● **DATA IN THIS EXERCISE**
──────────

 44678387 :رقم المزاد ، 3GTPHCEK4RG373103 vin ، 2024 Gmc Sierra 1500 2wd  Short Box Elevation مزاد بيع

──────────

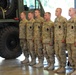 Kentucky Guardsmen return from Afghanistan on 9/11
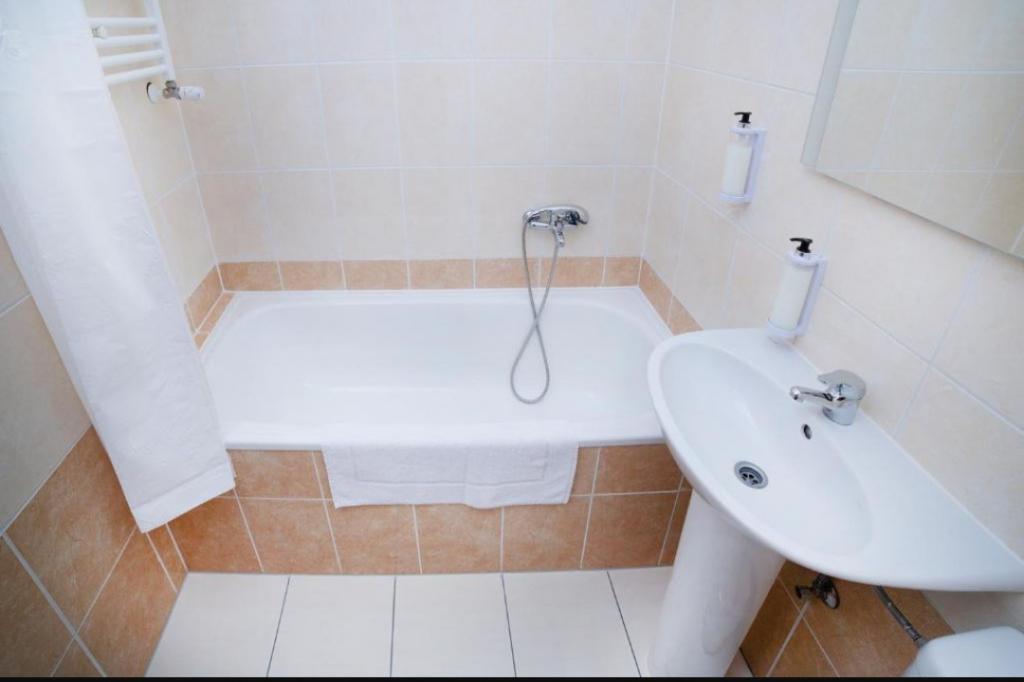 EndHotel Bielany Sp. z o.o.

──────────

● **WHAT YOU HAVE TO DO**
Copy word for word the span of the records above that begins at the line with "Kentucky Guardsmen return" and ends at the line with "EndHotel Bielany Sp. z o.o.", including those two lines but not the pictures.

● **PROBLEM SOLUTION**
 Kentucky Guardsmen return from Afghanistan on 9/11
 EndHotel Bielany Sp. z o.o.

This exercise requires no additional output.